● **What is required**
The copy must hold every line from the one with "Oud houten wand kandelaar" through the end of the listing, word for word, and must hold no pictures.

● **Information supplied**
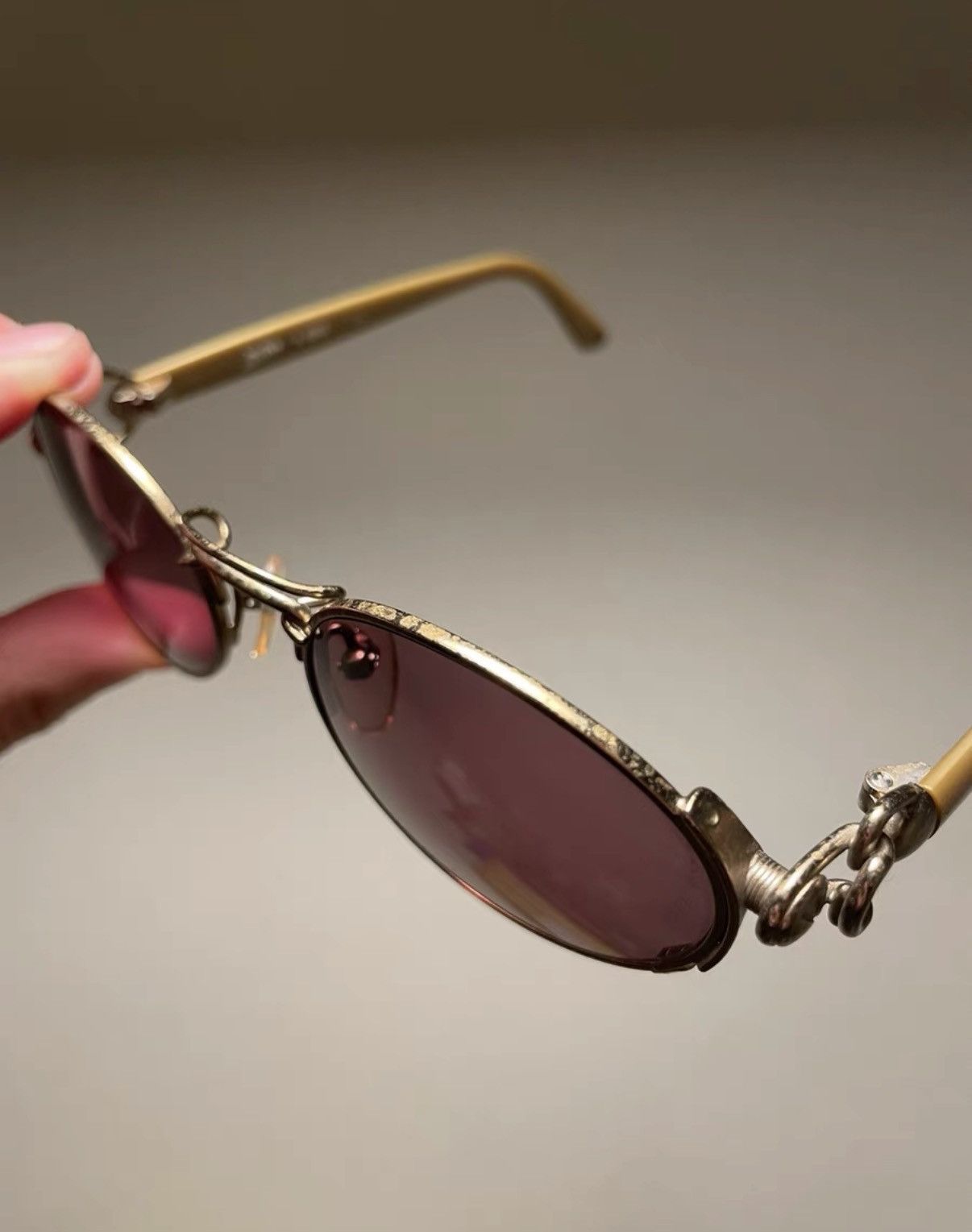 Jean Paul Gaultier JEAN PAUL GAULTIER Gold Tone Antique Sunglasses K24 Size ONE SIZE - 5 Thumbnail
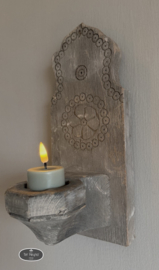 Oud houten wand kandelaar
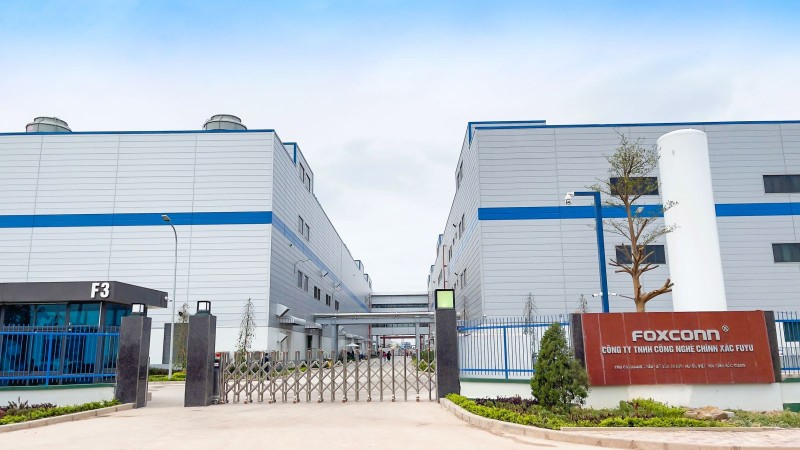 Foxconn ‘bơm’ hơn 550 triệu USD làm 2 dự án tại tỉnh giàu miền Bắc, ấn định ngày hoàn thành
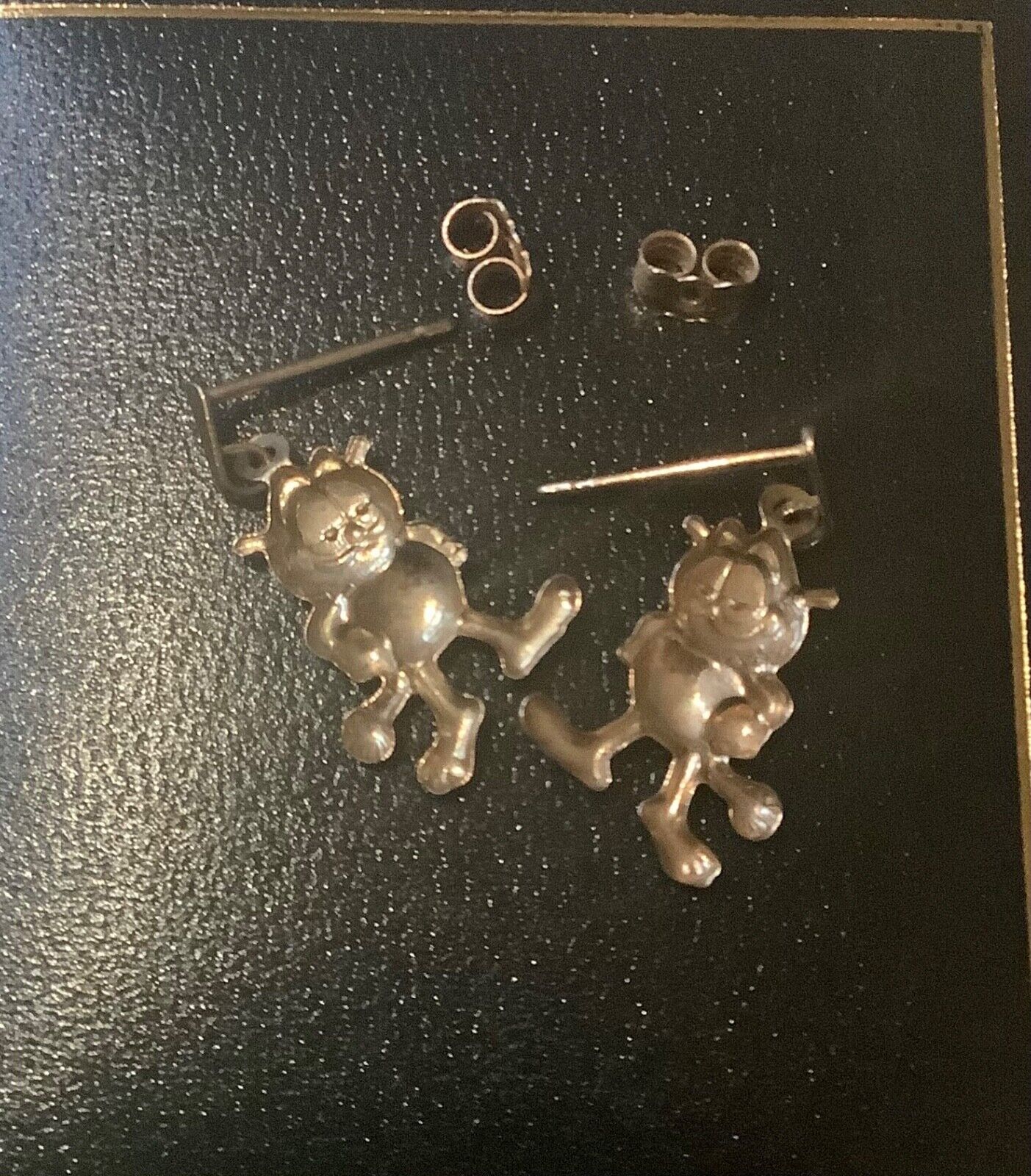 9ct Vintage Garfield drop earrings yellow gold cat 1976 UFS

● **The answer**
 Oud houten wand kandelaar
 Foxconn ‘bơm’ hơn 550 triệu USD làm 2 dự án tại tỉnh giàu miền Bắc, ấn định ngày hoàn thành
 9ct Vintage Garfield drop earrings yellow gold cat 1976 UFS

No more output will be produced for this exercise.